We have set `/music` and `/downloads` as ***optional paths***, this is because it is the easiest way to get started. While easy to use, it has some drawbacks. Mainly losing the ability to hardlink (TL;DR a way for a file to exist in multiple places on the same file system while only consuming one file worth of space), or atomic move (TL;DR instant file moves, rather than copy+delete) files while processing content.
Use the optional paths if you dont understand, or dont want hardlinks/atomic moves.
The folks over at servarr.com wrote a good [write-up](https://wiki.servarr.com/docker-guide#consistent-and-well-planned-paths) on how to get started with this.
Docker images are configured using parameters passed at runtime (such as those above). These parameters are separated by a colon and indicate `<external>:<internal>` respectively. For example, `-p 8080:80` would expose port `80` from inside the container to be accessible from the host's IP on port `8080` outside the container.
For all of our images we provide the ability to override the default umask settings for services started within the containers using the optional `-e UMASK=022` setting.
Keep in mind umask is not chmod it subtracts from permissions based on it's value it does not add. Please read up [here](https://en.wikipedia.org/wiki/Umask) before asking for support.
When using volumes (`-v` flags), permissions issues can arise between the host OS and the container, we avoid this issue by allowing you to specify the user `PUID` and group `PGID`.

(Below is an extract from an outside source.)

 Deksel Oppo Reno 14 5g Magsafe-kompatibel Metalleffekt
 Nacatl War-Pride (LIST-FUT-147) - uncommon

[![Docker Mods](https://img.shields.io/badge/dynamic/yaml?color=94398d&labelColor=555555&logoColor=ffffff&style=for-the-badge&label=lidarr&query=%24.mods%5B%27lidarr%27%5D.mod_count&url=https%3A%2F%2Fraw.githubusercontent.com%2Flinuxserver%2Fdocker-mods%2Fmaster%2Fmod-list.yml)](https://mods.linuxserver.io/?mod=lidarr "view available mods for this container.") [![Docker Universal Mods](https://img.shields.io/badge/dynamic/yaml?color=94398d&labelColor=555555&logoColor=ffffff&style=for-the-badge&label=universal&query=%24.mods%5B%27universal%27%5D.mod_count&url=https%3A%2F%2Fraw.githubusercontent.com%2Flinuxserver%2Fdocker-mods%2Fmaster%2Fmod-list.yml)](https://mods.linuxserver.io/?mod=universal "view available universal mods.")
We publish various [Docker Mods](https://github.com/linuxserver/docker-mods) to enable additional functionality within the containers. The list of Mods available for this image (if any) as well as universal mods that can be applied to any one of our images can be accessed via the dynamic badges above.